The nonprofit needle exchange organization in the U-District, known as the People’s Harm Reduction Alliance (PHRA) has been distributing Naloxone since its legalization in the summer of 2010. Shilo Murphy, the executive director of the PHRA, said the exchange’s Naloxone distribution is self-funded.
“Our budget for Naloxone is just out of our pockets, and out of the pockets of our individual contributions, which we desperately need to keep the program going,” Murphy said. “We would love [state] funding for our Naloxone program.”
More state funding for these types of programs is in especially high demand; there has been a recent surge in heroin use in Washington, according to T. Ron Jackson, an associate professor at the UW School of Social Work, and former executive director of Evergreen Treatment Services, a methadone treatment center.
Besides a shortage in funds, Jackson said there are other difficulties in creating Naloxone distribution centers in new, particularly rural, locations.
“Clinics such as Evergreen Treatment Services are often seen as unwelcome neighbors,” Jackson said. “There’s often … community opposition that sort of relates this notion that if you build it, you’ll be attracting addicts. Well, the addicts are already there.”

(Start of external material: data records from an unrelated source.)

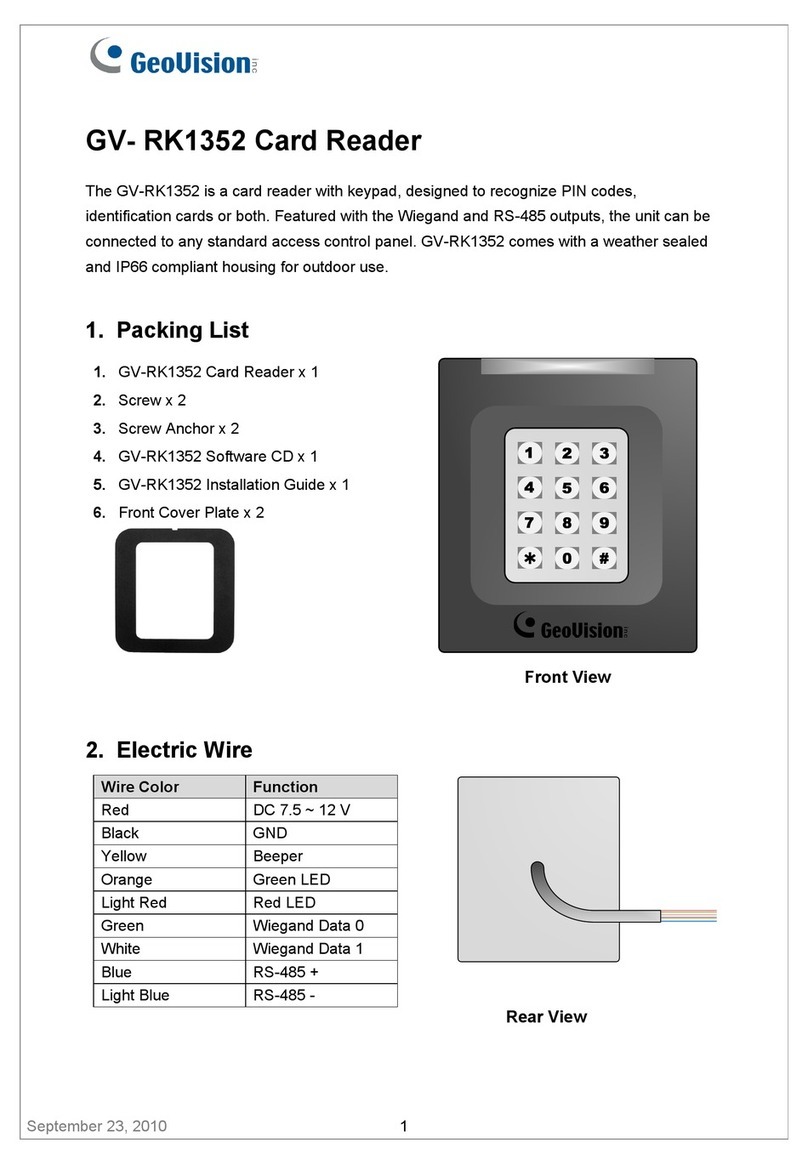 GeoVision GV- RK1352 User manual GeoVision GV- RK1352 User manual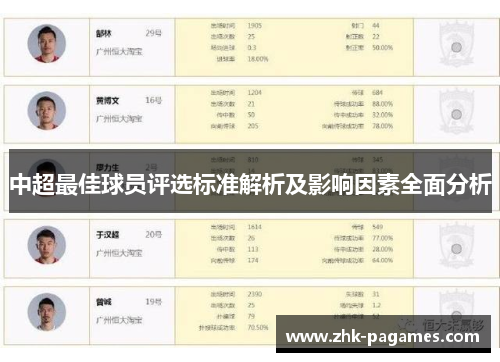 中超最佳球员评选标准解析及影响因素全面分析
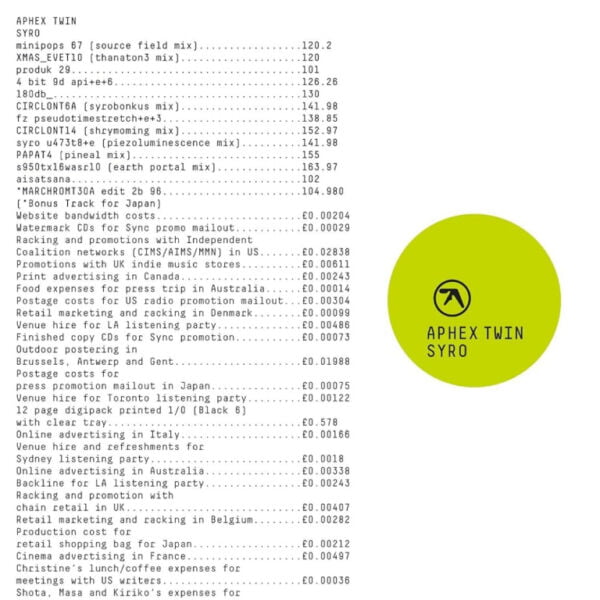 Aphex Twin Syro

Evergreen Treatment Services does not currently distribute Naloxone, but plans on doing so soon. One of the main issues to work out before then is, again, funding. Sullivan hopes that, with the publication of his recent study, there will be a response from public officials to help out these programs.
“One of the reasons [Coffin and I] are actually doing the study is because distribution programs like this are always subject to some concern by public health and city officials in times where we have fiscally tight budgets,” Sullivan said. “[We] thought that it would be important … to make an argument to public officials that these programs actually pay for themselves.”